Aufnahme der Papstrede

Die Bestätigung der "Option für die Armen" aus dem christlichen Glauben heraus und die sehr deutliche Kritik an der Globalisierung des liberalen Kapitalismus sind schon zum Allgemeingut der Versammlung geworden. Die indianischen und afroamerikanischen Organisationen weisen hingegen klar zurück, dass die Evangelisierung des Kontinents ohne jede Entfremdung für sie stattgefunden habe. Es ist offensichtlich, dass die Versammlung die Aussage so nicht stehen lassen kann. Es wird zu sehen sein, wie sie dieses Dilemma löst: dem Papst nicht zu deutlich widersprechen und der geschichtlichen Wirklichkeit gerecht werden.

Auch fehlende Themen geben zu reden: Dialog und Ökumene sowie Pfarreien und Basisgemeinden.

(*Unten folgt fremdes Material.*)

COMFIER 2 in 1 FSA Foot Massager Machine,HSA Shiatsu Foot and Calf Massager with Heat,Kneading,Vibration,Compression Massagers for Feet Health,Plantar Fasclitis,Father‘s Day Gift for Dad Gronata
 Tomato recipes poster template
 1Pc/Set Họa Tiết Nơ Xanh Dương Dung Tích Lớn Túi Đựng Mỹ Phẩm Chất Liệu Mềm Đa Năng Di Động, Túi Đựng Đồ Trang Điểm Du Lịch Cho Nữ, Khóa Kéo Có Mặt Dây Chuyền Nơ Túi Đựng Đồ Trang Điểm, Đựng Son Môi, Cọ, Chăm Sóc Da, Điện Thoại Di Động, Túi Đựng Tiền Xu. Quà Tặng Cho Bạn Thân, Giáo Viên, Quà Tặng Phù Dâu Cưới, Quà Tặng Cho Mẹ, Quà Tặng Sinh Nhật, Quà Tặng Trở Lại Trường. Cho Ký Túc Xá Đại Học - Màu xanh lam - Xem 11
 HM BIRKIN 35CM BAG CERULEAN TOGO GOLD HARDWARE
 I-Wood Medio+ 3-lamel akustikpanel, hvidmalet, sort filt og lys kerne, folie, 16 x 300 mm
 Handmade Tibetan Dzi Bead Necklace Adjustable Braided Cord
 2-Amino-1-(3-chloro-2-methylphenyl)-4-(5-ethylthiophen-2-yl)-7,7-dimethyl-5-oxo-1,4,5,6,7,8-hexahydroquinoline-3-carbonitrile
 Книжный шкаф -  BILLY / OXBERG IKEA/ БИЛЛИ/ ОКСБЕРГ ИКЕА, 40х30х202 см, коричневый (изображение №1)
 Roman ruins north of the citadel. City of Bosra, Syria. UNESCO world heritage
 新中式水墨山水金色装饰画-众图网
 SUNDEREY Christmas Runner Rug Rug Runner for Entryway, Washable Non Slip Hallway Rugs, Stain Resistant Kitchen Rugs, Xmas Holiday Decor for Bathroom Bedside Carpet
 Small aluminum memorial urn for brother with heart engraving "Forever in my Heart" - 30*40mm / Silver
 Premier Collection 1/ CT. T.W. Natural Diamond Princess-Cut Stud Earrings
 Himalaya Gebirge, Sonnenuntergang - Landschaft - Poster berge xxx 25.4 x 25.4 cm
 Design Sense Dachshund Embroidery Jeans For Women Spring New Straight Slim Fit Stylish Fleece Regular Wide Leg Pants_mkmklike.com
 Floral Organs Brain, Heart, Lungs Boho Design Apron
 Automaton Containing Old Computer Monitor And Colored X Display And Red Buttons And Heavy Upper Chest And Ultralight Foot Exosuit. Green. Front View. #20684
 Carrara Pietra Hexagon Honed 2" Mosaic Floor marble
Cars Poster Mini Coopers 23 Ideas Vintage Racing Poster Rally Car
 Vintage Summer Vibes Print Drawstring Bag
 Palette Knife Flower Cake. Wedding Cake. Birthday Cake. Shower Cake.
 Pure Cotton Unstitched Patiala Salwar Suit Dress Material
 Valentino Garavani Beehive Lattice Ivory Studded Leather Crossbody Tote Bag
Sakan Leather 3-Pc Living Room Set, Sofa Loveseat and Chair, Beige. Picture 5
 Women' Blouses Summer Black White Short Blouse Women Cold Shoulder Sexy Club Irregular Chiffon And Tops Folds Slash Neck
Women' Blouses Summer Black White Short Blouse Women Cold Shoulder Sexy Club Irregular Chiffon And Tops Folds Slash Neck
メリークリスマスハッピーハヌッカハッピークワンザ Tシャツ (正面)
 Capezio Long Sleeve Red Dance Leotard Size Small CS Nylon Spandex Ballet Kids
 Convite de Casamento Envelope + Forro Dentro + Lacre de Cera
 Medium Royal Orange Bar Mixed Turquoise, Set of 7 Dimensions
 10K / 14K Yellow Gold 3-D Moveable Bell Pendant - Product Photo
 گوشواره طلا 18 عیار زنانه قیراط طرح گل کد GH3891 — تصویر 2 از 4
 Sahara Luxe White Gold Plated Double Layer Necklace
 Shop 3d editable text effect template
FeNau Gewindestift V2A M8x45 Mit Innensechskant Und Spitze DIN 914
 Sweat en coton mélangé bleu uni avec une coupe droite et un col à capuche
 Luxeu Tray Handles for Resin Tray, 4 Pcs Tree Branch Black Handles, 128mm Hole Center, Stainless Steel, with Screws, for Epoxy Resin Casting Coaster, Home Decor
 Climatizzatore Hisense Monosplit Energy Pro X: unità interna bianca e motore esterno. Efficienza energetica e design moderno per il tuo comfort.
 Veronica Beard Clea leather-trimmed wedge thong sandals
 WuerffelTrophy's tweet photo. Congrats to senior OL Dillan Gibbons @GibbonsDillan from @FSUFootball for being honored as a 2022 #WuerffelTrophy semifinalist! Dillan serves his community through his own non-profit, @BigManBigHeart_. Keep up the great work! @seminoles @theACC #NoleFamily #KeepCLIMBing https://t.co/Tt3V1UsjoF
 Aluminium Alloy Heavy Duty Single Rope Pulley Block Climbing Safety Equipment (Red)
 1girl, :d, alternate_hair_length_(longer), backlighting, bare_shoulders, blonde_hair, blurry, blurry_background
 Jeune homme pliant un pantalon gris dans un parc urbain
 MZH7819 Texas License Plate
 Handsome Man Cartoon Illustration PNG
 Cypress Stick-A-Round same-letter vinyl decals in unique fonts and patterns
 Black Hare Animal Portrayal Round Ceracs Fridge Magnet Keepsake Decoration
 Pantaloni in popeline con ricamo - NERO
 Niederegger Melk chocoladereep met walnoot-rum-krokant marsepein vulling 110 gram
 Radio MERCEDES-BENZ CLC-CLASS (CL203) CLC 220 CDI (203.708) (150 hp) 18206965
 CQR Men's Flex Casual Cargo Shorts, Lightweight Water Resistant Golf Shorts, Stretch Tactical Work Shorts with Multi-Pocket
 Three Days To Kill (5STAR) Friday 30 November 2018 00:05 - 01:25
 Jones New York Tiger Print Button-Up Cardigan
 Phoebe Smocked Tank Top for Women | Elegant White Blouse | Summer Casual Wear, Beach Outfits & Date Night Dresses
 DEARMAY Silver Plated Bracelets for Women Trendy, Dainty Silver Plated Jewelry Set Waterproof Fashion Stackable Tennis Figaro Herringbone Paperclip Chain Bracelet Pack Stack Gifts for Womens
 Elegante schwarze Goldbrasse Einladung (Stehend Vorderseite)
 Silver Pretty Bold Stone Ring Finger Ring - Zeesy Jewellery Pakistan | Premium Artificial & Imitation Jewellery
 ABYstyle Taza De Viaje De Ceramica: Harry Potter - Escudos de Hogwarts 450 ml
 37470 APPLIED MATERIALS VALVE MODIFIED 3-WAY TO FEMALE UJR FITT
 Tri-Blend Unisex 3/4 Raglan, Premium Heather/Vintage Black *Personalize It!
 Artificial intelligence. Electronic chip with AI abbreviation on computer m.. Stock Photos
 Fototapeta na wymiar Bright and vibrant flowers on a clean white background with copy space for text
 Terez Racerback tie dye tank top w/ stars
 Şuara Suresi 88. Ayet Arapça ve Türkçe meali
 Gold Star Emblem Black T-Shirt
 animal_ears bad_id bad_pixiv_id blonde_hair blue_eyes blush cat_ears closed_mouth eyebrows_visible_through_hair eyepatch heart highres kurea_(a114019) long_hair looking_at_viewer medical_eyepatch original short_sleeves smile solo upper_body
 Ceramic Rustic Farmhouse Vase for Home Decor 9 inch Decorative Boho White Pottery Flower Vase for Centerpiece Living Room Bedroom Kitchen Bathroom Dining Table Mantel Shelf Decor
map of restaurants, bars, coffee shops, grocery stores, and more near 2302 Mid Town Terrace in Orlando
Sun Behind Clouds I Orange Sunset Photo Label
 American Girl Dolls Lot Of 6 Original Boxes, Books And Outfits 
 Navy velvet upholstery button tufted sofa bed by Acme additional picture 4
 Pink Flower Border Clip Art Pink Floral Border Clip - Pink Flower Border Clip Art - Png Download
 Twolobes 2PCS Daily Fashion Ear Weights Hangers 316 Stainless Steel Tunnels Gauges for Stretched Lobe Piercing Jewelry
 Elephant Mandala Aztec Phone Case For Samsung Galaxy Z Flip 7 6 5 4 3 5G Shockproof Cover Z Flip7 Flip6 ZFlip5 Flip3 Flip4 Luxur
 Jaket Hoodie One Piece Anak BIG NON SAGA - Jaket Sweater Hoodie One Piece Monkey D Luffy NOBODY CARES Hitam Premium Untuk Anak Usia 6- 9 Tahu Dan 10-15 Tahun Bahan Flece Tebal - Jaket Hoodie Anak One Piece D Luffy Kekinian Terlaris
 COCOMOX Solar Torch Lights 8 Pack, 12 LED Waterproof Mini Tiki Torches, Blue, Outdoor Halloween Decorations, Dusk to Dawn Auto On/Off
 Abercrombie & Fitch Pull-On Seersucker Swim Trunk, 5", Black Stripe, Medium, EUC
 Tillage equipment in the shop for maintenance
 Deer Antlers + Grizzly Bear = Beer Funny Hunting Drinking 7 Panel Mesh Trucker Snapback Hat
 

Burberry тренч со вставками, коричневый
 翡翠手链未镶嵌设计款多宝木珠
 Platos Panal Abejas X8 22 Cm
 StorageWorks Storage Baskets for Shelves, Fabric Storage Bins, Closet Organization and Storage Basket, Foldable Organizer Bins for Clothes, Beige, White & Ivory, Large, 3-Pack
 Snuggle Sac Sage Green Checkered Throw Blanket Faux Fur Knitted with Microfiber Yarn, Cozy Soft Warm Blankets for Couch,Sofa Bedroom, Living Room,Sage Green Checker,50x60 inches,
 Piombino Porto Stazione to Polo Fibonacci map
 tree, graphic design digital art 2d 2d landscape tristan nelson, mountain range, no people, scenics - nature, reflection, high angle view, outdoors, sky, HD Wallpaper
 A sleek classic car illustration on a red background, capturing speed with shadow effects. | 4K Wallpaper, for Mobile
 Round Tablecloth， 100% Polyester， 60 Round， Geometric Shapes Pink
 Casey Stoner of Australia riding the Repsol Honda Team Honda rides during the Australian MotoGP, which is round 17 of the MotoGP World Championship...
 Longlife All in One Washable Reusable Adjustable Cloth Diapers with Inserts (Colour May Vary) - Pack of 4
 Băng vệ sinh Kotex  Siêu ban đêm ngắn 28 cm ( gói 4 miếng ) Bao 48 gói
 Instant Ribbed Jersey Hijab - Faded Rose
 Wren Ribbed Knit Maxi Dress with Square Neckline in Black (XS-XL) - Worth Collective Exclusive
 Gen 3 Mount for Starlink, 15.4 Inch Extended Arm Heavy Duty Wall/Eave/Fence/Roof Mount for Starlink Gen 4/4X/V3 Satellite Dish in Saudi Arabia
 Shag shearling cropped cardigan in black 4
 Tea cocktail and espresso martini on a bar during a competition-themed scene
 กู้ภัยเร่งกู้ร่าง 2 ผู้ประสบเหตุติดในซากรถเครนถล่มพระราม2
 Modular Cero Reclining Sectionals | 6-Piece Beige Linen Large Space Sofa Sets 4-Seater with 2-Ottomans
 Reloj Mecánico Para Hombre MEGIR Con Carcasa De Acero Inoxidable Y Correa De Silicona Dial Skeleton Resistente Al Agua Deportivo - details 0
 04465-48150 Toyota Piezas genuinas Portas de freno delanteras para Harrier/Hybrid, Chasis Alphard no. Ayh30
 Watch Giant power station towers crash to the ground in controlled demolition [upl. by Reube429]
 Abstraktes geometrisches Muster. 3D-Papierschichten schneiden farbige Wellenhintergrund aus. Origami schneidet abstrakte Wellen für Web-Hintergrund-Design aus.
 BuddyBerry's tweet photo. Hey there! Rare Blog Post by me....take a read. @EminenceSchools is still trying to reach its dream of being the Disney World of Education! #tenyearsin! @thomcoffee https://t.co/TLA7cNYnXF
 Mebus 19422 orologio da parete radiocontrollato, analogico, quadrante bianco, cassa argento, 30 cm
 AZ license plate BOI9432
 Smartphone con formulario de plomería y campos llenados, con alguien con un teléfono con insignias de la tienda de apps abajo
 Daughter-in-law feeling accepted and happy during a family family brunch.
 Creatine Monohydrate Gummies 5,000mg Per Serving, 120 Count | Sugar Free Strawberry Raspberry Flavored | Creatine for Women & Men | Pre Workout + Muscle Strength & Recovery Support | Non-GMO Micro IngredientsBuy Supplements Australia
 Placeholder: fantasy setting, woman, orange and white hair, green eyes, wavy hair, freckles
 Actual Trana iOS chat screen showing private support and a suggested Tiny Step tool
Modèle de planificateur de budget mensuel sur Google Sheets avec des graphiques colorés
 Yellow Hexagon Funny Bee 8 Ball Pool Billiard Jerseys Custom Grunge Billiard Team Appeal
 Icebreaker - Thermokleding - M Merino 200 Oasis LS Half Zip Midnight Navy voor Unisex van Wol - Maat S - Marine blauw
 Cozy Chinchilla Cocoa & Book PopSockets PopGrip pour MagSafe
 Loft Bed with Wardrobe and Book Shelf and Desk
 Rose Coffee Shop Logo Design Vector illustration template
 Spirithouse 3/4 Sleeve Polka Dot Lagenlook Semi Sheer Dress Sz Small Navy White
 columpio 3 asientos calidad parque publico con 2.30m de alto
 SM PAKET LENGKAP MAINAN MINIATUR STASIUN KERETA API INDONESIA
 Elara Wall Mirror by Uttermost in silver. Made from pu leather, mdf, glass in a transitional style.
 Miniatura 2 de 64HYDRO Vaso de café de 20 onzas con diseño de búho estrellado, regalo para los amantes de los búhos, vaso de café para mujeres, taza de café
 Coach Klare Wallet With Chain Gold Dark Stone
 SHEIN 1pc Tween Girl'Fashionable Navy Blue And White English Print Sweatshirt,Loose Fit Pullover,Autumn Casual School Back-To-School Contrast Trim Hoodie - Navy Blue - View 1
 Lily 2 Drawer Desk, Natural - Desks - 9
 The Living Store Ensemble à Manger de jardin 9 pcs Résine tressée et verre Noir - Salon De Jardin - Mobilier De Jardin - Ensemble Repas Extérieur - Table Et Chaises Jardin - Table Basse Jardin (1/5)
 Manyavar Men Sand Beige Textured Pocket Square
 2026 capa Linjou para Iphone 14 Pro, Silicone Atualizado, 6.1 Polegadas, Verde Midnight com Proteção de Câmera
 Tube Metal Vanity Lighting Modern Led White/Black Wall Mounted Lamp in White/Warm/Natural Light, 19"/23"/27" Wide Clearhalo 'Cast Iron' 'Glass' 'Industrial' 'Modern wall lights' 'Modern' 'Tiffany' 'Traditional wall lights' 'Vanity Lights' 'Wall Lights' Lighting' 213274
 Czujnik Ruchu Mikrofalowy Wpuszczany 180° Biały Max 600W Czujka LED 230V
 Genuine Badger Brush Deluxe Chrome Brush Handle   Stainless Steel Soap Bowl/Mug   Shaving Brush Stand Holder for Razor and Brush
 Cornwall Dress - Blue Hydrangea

Ab Dienstag präsentierten die 22 Vorsitzenden der nationalen Bischofskonferenzen auf ein bis zwei Seiten Erwatungen und Hoffnungen für die Versammlung. Am Mittwoch und Donnerstag, nach zwei weiteren Tagen der Diskussion in 15 Untergruppen, zeichnen sich gemäß Bischof Augusto Castro aus Kolumbien erste inhaltliche Linien in der Analyse ab: 1. Schwierigkeiten bei der Weitergabe des Glaubens,
2. kultureller Wandel,
3. Bedrohung der Menschenwürde,
4. wachsende soziale Ungleichheit zwischen Armen und Reichen.
Auch ökologische Probleme im Amazonasgebiet und bei der Ausbeutung von Bodenschätzen scheinen ein wichtiges Thema zu werden.

Freitag und Samstag diskutierten die Bischöfe in den Untergruppen darüber, was für sie "Jünger und Missionare Jesu Christi" sind. Die Begriffe sind vage, werden unterschiedlich gefüllt. Die Ergebnisse werden am 21. Mai veröffentlicht. Dann werden auch etwa 18 thematische Kommissionen die Arbeit aufnehmen. Während zwei Wochen werden die Kommissionen einen Text aus ihrem Themenbereich heraus für das Schlussdokument erstellen.

Die alten Differenzen werden sichtbar

Die Feststellung, dass Christen und Christinnen beziehungsweise die Kirche heute einen grundlegenden Wandel der Kultur erleben, zieht sich wie ein roter Faden durch die Pressekonferenzen. Es gehe nicht mehr um einen Wandel innerhalb einer bestimmten Denk- und Lebensweise, sondern um einen grundsätzlichen Wandel der Denk- und Lebensweise.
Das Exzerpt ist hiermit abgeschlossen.